The response should contain all of the records, copied exactly, and none of the images.
### DATA
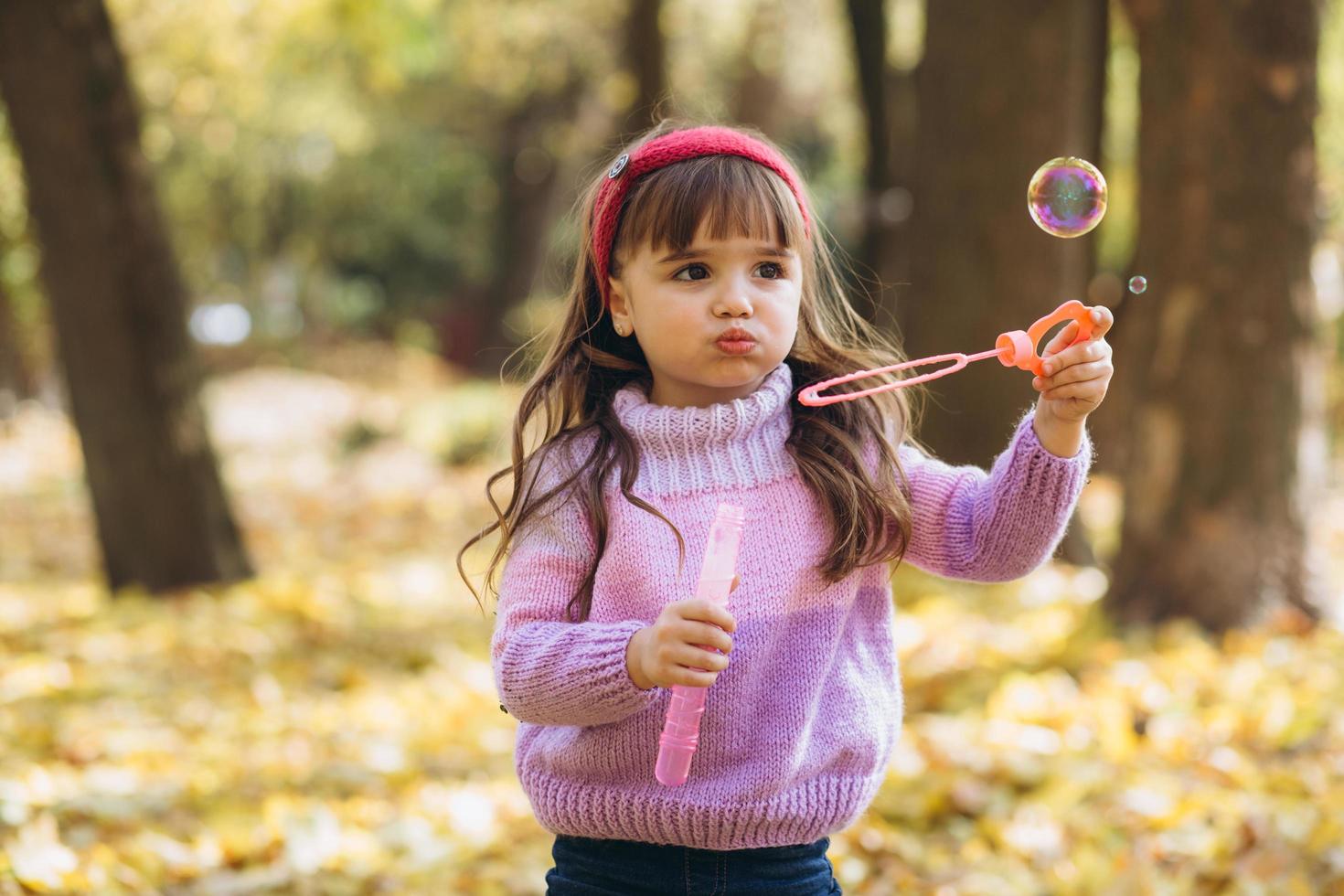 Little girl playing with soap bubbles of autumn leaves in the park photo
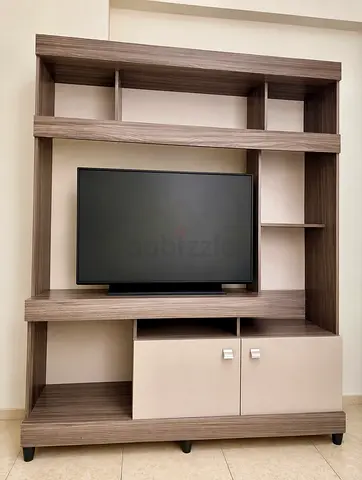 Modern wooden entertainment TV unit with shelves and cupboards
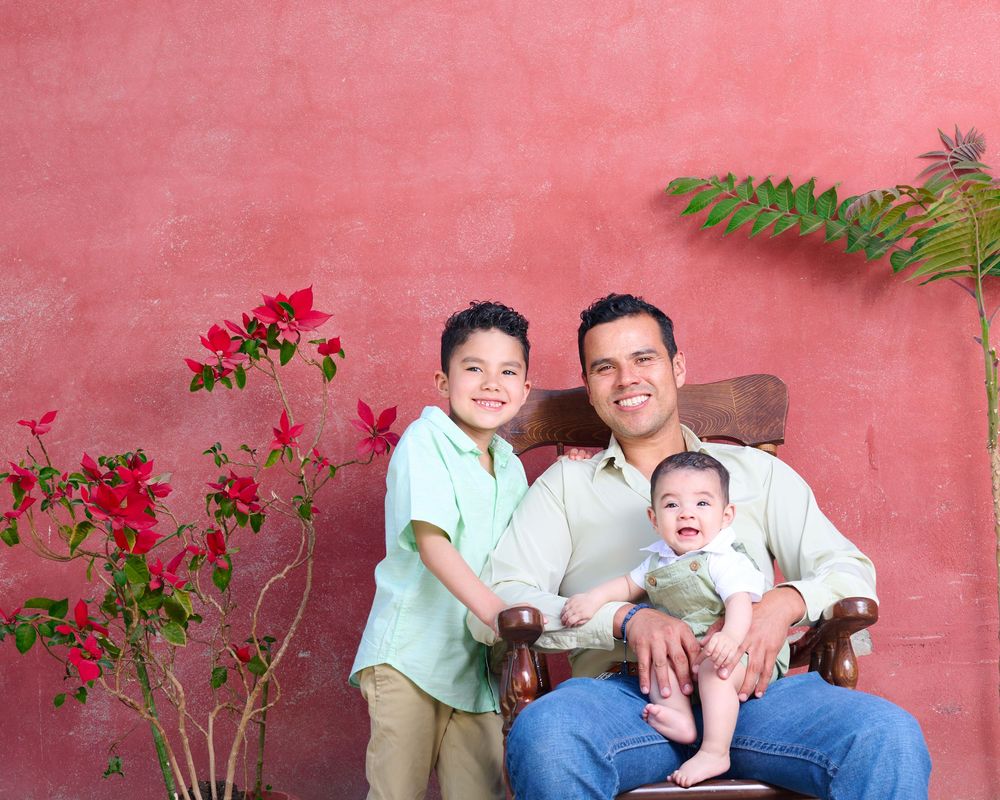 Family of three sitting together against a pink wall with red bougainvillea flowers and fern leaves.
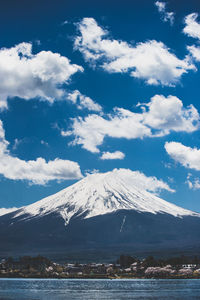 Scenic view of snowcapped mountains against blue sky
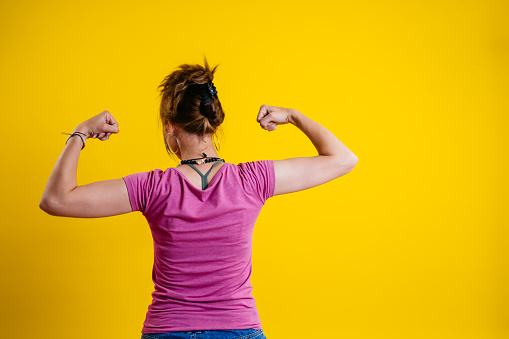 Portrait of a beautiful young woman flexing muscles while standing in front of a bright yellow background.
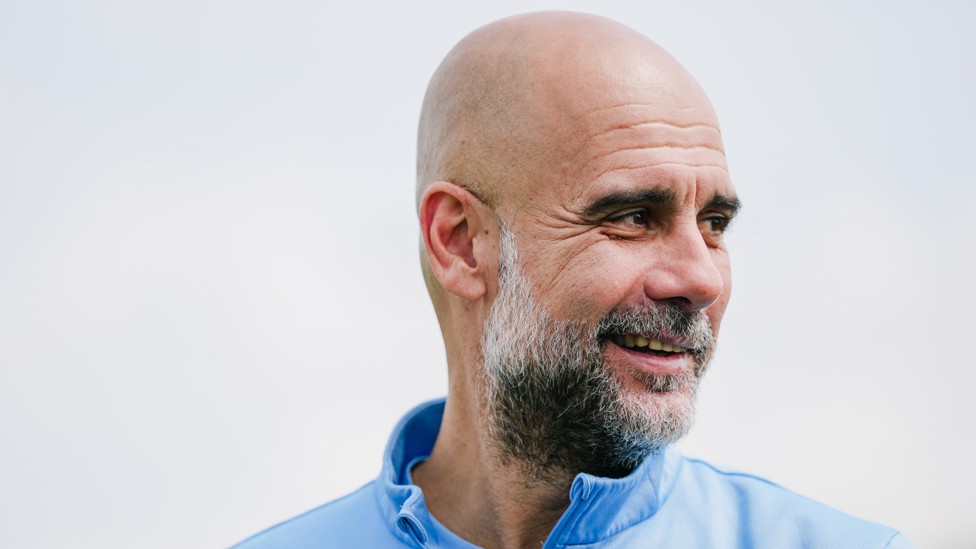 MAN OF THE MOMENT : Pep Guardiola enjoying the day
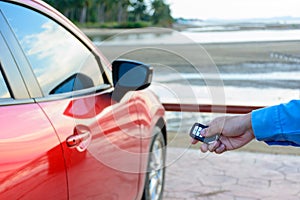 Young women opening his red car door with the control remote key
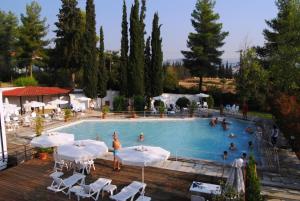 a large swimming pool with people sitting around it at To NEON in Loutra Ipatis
######
## ANSWER BELOW
 Little girl playing with soap bubbles of autumn leaves in the park photo
 Modern wooden entertainment TV unit with shelves and cupboards
 Family of three sitting together against a pink wall with red bougainvillea flowers and fern leaves.
 Scenic view of snowcapped mountains against blue sky
 Portrait of a beautiful young woman flexing muscles while standing in front of a bright yellow background.
 MAN OF THE MOMENT : Pep Guardiola enjoying the day
 Young women opening his red car door with the control remote key
 a large swimming pool with people sitting around it at To NEON in Loutra Ipatis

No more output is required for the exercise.